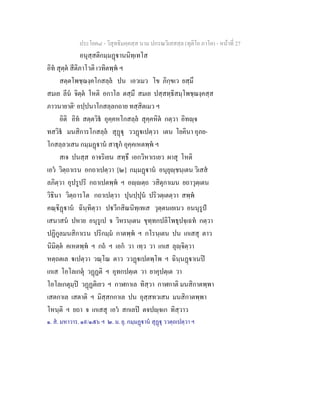 ประโยค๘ - วิสุทธิมคฺคสฺส นาม ปกรณวิเสสสฺล (ทุติโย ภาโค) - หนาที่ 27
อนุสฺสติกมฺมฏานนิทฺเทโส
อิท สุตฺต สีติภาโวติ เวทิตพฺพ ฯ
สตฺตโพชฺฌงฺคโกสลฺล ปน เอวเมว โข ภิกฺขเว ยสฺมึ
สมเย ลีน จิตฺต โหติ อกาโล ตสฺมึ สมเย ปสฺสทฺธิสมฺโพชฺฌงฺคสฺส
ภาวนายาติ๑
อปฺปนาโกสลฺลกถาย ทสฺสิตเมว ฯ
อิติ อิท สตฺตวิธ อุคฺคหโกสลฺล สุคฺคหิต กตฺวา อิทฺจ
ทสวิธ มนสิการโกสลฺล สุฏุ ววฏเปตฺวา เตน โยคินา อุภย-
โกสลฺลวเสน กมฺมฏาน สาธุก อุคฺคเหตพฺพ ฯ
สเจ ปนสฺส อาจริเยน สทฺธึ เอกวิหาเรเยว ผาสุ โหติ
เอว วิตฺถาเรน อกถาเปตฺวา [๒] กมฺมฏาน อนุยุฺชนฺเตน วิเสส
ลภิตฺวา อุปรูปริ กถาเปตพฺพ ฯ อฺตฺถ วสิตุกาเมน ยถาวุตฺเตน
วิธินา วิตฺถารโต กถาเปตฺวา ปุนปฺปุน ปริวตฺเตตฺวา สพฺพ
คณฺิฏาน ฉินฺทิตฺวา ปวีกสิณนิทฺเทเส วุตฺตนเยเนว อนนุรูป
เสนาสน ปหาย อนุรูเป จ วิหรนฺเตน ขุทฺทกปลิโพธุปจฺเฉท กตฺวา
ปฏิกูลมนสิกาเรน ปริกมฺม กาตพฺพ ฯ กโรนฺเตน ปน เกเสสุ ตาว
นิมิตฺต คเหตพฺพ ฯ กถ ฯ เอก วา เทฺว วา เกเส ลุฺจิตฺวา
หตฺถตเล เปตฺวา วณฺโณ ตาว ววฏเปตพฺโพ ฯ ฉินฺนฏาเนป
เกเส โอโลเกตุ วฏฏติ ฯ อุทกปตฺเต วา ยาคุปตฺเต วา
โอโลเกตุมฺป วฏฏติเยว ฯ กาฬกาเล ทิสฺวา กาฬกาติ มนสิกาตพฺพา
เสตกาเล เสตาติ ฯ มิสฺสกกาเล ปน อุสฺสทวเสน มนสิกาตพฺพา
โหนฺติ ฯ ยถา จ เกเสสุ เอว สกเลป ตจปฺจเก ทิสฺวาว
๑. ส. มหาวาร. ๑๙/๑๕๖ ฯ ๒. ม. ยุ. กมฺมฏาน สุฏุ ววตฺถเปตฺวา ฯ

= = =

• THE TASK: Every word of the material above should be copied exactly; no pictures.

• TASK SOLUTION:
 ประโยค๘ - วิสุทธิมคฺคสฺส นาม ปกรณวิเสสสฺล (ทุติโย ภาโค) - หนาที่ 27
อนุสฺสติกมฺมฏานนิทฺเทโส
อิท สุตฺต สีติภาโวติ เวทิตพฺพ ฯ
สตฺตโพชฺฌงฺคโกสลฺล ปน เอวเมว โข ภิกฺขเว ยสฺมึ
สมเย ลีน จิตฺต โหติ อกาโล ตสฺมึ สมเย ปสฺสทฺธิสมฺโพชฺฌงฺคสฺส
ภาวนายาติ๑
อปฺปนาโกสลฺลกถาย ทสฺสิตเมว ฯ
อิติ อิท สตฺตวิธ อุคฺคหโกสลฺล สุคฺคหิต กตฺวา อิทฺจ
ทสวิธ มนสิการโกสลฺล สุฏุ ววฏเปตฺวา เตน โยคินา อุภย-
โกสลฺลวเสน กมฺมฏาน สาธุก อุคฺคเหตพฺพ ฯ
สเจ ปนสฺส อาจริเยน สทฺธึ เอกวิหาเรเยว ผาสุ โหติ
เอว วิตฺถาเรน อกถาเปตฺวา [๒] กมฺมฏาน อนุยุฺชนฺเตน วิเสส
ลภิตฺวา อุปรูปริ กถาเปตพฺพ ฯ อฺตฺถ วสิตุกาเมน ยถาวุตฺเตน
วิธินา วิตฺถารโต กถาเปตฺวา ปุนปฺปุน ปริวตฺเตตฺวา สพฺพ
คณฺิฏาน ฉินฺทิตฺวา ปวีกสิณนิทฺเทเส วุตฺตนเยเนว อนนุรูป
เสนาสน ปหาย อนุรูเป จ วิหรนฺเตน ขุทฺทกปลิโพธุปจฺเฉท กตฺวา
ปฏิกูลมนสิกาเรน ปริกมฺม กาตพฺพ ฯ กโรนฺเตน ปน เกเสสุ ตาว
นิมิตฺต คเหตพฺพ ฯ กถ ฯ เอก วา เทฺว วา เกเส ลุฺจิตฺวา
หตฺถตเล เปตฺวา วณฺโณ ตาว ววฏเปตพฺโพ ฯ ฉินฺนฏาเนป
เกเส โอโลเกตุ วฏฏติ ฯ อุทกปตฺเต วา ยาคุปตฺเต วา
โอโลเกตุมฺป วฏฏติเยว ฯ กาฬกาเล ทิสฺวา กาฬกาติ มนสิกาตพฺพา
เสตกาเล เสตาติ ฯ มิสฺสกกาเล ปน อุสฺสทวเสน มนสิกาตพฺพา
โหนฺติ ฯ ยถา จ เกเสสุ เอว สกเลป ตจปฺจเก ทิสฺวาว
๑. ส. มหาวาร. ๑๙/๑๕๖ ฯ ๒. ม. ยุ. กมฺมฏาน สุฏุ ววตฺถเปตฺวา ฯ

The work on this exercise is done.